Quels sont vos sentiments au moment de sortir cette somme de 25 années de travail réunies dans ce coffret?

J’ai un peu le sentiment du devoir accompli, d’avoir saisi un pays-continent dans ses différentes facettes, et ce sur 25 ans avec en plus les réminiscences de ce qui s’était passé avant, durant la période coloniale. J’ai traité du politique, du pouvoir (dictatorial avec Mobutu roi du Zaïre, « berlusconien » -mélangeant foot, business et politique- avec L’irrésistible ascension de Moïse Katumbi), de la justice (L’Affaire Chebeya, un crime d’Etat?), de la guerre et de la santé (L’homme qui répare les femmes), de l’économie et de la mondialisation (Katanga Business), de la géographie et de la mythologie (Congo River), de la présence blanche (Les Derniers Colons) aussi.

Filmer le Congo, c’est bel et bien fini pour vous?

J’ai clôturé le cycle. J’ai fait le tour de la question. Je reste branché sur le Congo de manière très active, comme journaliste lanceur d’alerte sur Facebook où je suis très suivi. Mais mon oeuvre de cinéma là-bas est achevée. J’avais besoin d’aller voir ailleurs. Ce qui est étonnant, c’est que cet ailleurs soit si près de chez moi puisque j’ai fait un film (Les Enfants du hasard) sur des enfants de la zone nord de Liège, tous descendants de mineurs, et que j’en tourne à présent un autre sur la sidérurgie dans la zone sud…

De ces dix films, quel est celui que vous jugez le plus abouti? Et lequel est le plus proche de votre coeur?

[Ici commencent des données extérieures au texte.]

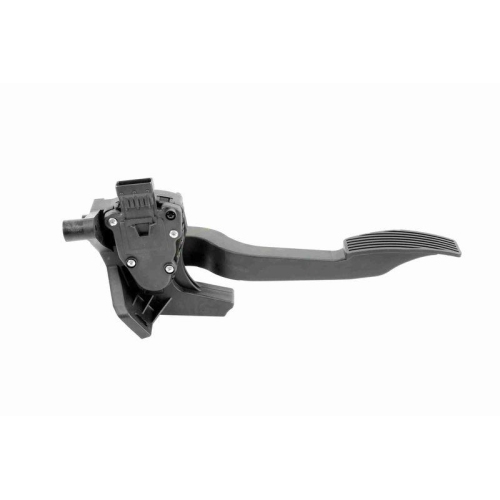 Fahrpedal VEMO V40-82-0007 Original VEMO Qualit&auml;t f&uuml;r OPEL GENERAL MOTORS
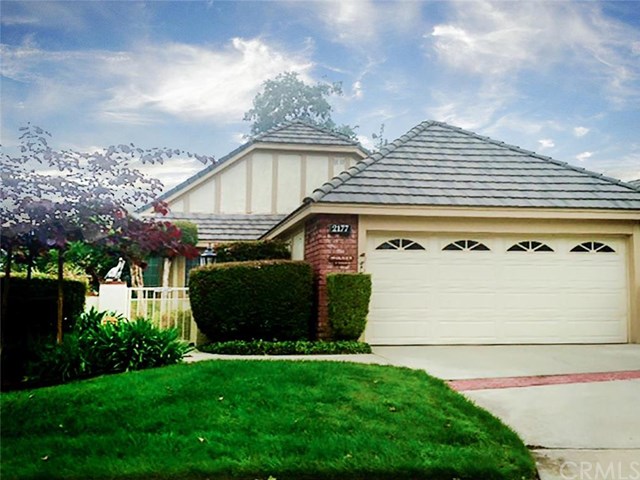 2177 Lorraine Dr, Upland, CA 91784 photo 1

Le voyage de six mois sur le fleuve, dans un pays en guerre balkanisé par les rébellions, fait de Congo River une expérience unique, qui marque à jamais ma vie et qui me structure. Le plus abouti est sans doute Mobutu roi du Zaïre, avec un gigantesque travail de montage sur de très nombreuses archives, avec aussi la dimension de tragi-comédie rappelant parfois Molière et surtout Shakespeare que j’ai relu pour la dramaturgie du puzzle que composaient les images retrouvées.